▶ EXERCISE REQUIREMENTS
For the listing below, print exactly the lines from the line with "Мама годує дитину, яка" to the line with "Close up of", both included, and nothing beyond them.
EXTRACTED MATERIAL START
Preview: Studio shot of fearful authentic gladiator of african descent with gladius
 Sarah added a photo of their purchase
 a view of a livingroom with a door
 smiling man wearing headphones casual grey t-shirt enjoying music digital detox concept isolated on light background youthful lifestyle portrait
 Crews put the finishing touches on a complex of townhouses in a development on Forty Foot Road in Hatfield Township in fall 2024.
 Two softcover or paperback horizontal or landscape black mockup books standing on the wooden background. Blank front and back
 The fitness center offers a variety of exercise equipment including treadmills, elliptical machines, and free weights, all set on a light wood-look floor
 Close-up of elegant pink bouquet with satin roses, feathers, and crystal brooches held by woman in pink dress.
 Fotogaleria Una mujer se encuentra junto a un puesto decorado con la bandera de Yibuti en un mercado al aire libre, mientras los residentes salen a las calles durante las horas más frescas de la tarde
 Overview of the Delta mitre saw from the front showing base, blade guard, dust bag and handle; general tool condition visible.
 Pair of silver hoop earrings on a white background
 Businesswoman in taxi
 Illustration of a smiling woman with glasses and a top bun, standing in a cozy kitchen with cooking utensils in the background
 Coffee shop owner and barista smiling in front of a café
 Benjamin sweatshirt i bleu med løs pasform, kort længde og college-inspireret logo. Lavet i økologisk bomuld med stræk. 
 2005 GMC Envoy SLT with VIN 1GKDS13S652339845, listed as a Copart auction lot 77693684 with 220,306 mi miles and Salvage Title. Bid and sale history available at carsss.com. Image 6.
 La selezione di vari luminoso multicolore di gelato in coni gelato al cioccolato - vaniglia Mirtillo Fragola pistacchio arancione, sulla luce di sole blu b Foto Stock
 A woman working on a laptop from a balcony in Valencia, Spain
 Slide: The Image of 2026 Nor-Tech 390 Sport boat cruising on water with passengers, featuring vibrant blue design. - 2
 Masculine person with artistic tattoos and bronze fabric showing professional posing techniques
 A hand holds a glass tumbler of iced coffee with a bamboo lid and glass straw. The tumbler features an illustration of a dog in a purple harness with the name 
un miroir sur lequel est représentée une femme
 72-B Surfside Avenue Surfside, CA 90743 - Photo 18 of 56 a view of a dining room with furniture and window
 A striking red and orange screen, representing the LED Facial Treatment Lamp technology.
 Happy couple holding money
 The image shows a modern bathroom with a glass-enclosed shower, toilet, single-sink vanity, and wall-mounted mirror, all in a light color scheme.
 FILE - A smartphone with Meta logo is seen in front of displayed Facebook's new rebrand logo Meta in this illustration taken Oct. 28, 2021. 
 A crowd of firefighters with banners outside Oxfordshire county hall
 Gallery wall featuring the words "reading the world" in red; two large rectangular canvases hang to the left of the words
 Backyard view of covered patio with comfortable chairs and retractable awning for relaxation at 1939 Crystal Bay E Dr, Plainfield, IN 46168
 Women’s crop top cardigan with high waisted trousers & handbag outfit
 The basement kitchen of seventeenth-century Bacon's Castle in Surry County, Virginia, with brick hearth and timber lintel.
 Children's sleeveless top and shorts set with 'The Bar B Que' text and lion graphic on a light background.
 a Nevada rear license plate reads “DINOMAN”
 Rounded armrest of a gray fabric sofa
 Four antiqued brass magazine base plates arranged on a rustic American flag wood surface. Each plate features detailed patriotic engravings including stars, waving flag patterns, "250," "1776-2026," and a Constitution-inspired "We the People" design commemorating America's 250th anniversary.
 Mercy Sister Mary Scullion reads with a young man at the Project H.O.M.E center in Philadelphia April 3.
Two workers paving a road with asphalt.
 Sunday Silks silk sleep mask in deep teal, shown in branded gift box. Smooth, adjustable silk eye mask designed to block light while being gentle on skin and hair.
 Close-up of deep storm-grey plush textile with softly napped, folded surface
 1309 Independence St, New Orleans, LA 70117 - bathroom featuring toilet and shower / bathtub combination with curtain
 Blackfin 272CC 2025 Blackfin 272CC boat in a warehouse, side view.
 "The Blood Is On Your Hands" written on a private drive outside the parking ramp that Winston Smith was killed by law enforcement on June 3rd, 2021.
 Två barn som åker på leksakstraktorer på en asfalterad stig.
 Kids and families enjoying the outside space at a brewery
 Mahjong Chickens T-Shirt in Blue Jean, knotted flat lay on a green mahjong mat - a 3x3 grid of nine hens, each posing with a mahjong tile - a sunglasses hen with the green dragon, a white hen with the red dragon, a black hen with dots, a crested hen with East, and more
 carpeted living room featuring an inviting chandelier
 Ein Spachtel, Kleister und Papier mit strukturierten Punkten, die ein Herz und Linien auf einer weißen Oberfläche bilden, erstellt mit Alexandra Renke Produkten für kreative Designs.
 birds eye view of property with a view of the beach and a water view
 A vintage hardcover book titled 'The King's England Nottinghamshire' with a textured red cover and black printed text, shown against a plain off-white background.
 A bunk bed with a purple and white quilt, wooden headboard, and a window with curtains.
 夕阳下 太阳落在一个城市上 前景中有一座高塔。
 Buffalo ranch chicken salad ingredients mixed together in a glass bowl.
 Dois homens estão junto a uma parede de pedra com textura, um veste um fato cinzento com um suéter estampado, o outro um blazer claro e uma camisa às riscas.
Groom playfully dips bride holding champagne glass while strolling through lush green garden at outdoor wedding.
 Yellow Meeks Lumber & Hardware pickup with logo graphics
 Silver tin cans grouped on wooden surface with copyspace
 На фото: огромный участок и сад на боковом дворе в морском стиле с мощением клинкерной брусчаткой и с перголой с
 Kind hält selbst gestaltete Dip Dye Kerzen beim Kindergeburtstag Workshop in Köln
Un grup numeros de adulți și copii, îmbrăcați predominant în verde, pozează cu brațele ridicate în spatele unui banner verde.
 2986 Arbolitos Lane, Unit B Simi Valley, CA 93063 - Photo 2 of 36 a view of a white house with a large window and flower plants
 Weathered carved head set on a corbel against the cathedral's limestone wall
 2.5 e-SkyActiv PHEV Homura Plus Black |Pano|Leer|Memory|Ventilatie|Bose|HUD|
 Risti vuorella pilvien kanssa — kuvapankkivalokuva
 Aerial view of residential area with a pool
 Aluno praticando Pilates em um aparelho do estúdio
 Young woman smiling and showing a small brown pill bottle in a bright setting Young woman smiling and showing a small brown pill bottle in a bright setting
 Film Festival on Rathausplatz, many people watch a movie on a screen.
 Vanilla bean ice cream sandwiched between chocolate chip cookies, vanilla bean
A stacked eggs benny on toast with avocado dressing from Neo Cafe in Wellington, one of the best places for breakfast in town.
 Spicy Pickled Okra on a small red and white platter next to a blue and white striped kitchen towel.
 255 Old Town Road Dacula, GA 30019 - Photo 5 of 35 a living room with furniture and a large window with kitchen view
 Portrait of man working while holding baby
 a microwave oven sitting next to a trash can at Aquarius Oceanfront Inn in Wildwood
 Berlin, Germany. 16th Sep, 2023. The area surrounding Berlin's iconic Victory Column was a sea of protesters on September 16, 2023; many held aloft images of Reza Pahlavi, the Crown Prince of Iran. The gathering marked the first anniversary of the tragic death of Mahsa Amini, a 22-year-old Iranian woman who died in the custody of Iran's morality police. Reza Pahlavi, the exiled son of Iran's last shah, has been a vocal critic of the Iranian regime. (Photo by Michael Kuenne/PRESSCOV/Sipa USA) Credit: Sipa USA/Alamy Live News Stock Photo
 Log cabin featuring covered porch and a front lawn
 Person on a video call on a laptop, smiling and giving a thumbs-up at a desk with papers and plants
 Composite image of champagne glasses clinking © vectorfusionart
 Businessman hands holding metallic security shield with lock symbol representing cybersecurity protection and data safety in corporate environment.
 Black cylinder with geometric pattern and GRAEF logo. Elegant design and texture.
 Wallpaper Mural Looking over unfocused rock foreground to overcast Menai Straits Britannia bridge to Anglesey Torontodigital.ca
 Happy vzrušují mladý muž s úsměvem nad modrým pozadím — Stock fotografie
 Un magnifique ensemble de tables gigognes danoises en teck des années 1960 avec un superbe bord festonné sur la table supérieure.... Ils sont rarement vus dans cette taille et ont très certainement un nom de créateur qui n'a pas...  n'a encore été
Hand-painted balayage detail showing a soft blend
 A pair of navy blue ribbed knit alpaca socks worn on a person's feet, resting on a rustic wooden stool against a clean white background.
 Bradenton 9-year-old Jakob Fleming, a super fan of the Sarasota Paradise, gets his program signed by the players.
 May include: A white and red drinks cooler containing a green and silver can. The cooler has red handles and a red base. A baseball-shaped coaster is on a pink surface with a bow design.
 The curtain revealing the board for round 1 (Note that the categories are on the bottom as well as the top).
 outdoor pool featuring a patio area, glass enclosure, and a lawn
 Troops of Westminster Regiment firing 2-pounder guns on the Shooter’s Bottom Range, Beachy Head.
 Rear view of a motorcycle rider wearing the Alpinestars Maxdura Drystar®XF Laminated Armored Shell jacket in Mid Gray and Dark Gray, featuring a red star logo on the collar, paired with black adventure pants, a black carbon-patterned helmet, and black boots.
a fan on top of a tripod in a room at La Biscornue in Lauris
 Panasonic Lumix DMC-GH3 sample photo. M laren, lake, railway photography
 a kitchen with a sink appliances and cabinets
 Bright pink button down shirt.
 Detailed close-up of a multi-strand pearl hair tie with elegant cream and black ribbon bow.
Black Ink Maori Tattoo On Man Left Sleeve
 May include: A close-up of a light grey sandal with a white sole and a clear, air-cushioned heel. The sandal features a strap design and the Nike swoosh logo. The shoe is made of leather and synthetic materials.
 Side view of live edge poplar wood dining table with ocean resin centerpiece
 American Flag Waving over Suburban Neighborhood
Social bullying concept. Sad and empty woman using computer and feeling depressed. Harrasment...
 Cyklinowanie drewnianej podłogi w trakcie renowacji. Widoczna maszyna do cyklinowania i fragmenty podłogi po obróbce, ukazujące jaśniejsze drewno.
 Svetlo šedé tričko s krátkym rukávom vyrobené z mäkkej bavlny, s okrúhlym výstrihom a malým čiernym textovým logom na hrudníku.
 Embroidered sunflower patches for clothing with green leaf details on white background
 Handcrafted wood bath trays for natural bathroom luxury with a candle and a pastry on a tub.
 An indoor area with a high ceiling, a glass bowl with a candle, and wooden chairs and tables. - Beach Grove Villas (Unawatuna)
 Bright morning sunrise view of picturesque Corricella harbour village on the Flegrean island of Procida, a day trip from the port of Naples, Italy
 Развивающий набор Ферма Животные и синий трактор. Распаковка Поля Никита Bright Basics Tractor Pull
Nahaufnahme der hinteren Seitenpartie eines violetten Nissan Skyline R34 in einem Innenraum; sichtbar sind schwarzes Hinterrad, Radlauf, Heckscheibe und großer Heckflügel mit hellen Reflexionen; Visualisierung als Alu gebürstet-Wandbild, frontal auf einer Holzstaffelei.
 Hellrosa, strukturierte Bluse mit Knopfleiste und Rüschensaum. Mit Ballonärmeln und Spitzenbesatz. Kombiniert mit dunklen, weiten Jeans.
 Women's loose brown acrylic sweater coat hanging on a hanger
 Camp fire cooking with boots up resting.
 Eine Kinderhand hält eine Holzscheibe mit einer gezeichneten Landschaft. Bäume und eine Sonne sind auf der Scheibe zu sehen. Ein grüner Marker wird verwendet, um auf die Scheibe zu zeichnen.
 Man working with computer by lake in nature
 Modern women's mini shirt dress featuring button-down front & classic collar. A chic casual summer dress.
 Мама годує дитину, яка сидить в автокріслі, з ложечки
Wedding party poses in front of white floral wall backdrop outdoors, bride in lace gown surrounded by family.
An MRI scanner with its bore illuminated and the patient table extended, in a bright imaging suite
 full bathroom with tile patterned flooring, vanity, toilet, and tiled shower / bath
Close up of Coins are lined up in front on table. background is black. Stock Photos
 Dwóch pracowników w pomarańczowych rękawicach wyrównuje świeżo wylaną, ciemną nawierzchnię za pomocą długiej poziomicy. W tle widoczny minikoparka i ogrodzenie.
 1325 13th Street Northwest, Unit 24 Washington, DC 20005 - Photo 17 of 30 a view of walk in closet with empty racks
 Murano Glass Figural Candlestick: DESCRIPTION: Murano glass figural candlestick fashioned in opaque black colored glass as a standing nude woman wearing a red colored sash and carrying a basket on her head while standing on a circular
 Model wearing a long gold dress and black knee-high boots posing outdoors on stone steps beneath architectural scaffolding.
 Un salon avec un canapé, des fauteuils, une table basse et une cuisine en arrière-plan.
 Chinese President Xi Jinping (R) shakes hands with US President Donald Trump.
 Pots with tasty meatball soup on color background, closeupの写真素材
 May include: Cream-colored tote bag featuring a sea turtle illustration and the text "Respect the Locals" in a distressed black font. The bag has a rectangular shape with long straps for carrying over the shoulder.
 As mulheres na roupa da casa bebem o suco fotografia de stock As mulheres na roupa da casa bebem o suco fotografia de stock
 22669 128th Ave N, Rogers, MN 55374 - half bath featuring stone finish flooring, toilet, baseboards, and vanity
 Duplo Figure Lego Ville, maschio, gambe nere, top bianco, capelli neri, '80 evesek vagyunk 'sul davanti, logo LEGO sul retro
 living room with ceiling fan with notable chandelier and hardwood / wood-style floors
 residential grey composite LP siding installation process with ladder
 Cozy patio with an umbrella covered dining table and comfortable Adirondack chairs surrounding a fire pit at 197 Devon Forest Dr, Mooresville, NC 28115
EXTRACTED MATERIAL END
▶ RESULT FOR THIS EXERCISE
 Мама годує дитину, яка сидить в автокріслі, з ложечки
Wedding party poses in front of white floral wall backdrop outdoors, bride in lace gown surrounded by family.
An MRI scanner with its bore illuminated and the patient table extended, in a bright imaging suite
 full bathroom with tile patterned flooring, vanity, toilet, and tiled shower / bath
Close up of Coins are lined up in front on table. background is black. Stock Photos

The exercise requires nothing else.